ESO 225-9,[1] Ant Nebula,[1]

Chamber of Horrors[c]
See also: Lists of nebulae

Mz 3 (Menzel 3) is a young bipolar planetary nebula in the constellation Norma that is composed of a bright core and four distinct high-velocity outflows that have been named lobes, columns, rays, and chakram. These nebulosities are described as: two spherical bipolar lobes, two outer large filamentary hour-glass shaped columns, two cone shaped rays, and a planar radially expanding, elliptically shaped chakram.[4][5] Mz 3 is a complex system composed of three nested pairs of bipolar lobes and an equatorial ellipse.[6] Its lobes all share the same axis of symmetry but each have very different morphologies and opening angles.[6] It is an unusual PN in that it is believed, by some researchers, to contain a symbiotic binary at its center.[5] One study suggests that the dense nebular gas at its center may have originated from a source different from that of its extended lobes.[5] The working model to explain this hypothesizes that this PN is composed of a giant companion that caused a central dense gas region to form, and a white dwarf that provides ionizing photons for the PN.[5]

Mz 3 is often referred to as the Ant Nebula because it resembles the head and thorax of a garden-variety ant.


Mz 3 is radially expanding at a rate of about 50 km/s and has its polar axis oriented at an angle of around 30° from the plane of the sky (Lopez & Meaburn 1983; Meaburn & Walsh 1985).
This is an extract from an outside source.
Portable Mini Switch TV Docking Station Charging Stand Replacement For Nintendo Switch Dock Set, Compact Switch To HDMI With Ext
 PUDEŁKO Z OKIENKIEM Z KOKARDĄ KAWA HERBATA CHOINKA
It is sometimes compared to the more extensively studied Butterfly Nebula (M 2-9), and it is quite likely that both have a similar evolutionary history. They both have point-like bright nuclei, are narrow-waisted bipolar nebulae, and share surprisingly similar spatially dependent spectra. Because of their similarity, their differences are noteworthy. Their greatest difference is probably in their near infrared emissions. Mz 3 has no trace of molecular hydrogen emission, whereas the M 2-9 has prominent H2 emission lines in the near-IR. The lack of H2 emissions from Mz 3 is unusual given the strong correlation between such emissions and bipolar structures of PN. Additionally, the polar lobes of Mz 3 are more mottled and rounded as compared to M 2-9. Finally, Mz 3 is not known to evidence temporal variability in its polar lobes as is found in M 2-9 (Doyle et al. 2000). (Smith 2003)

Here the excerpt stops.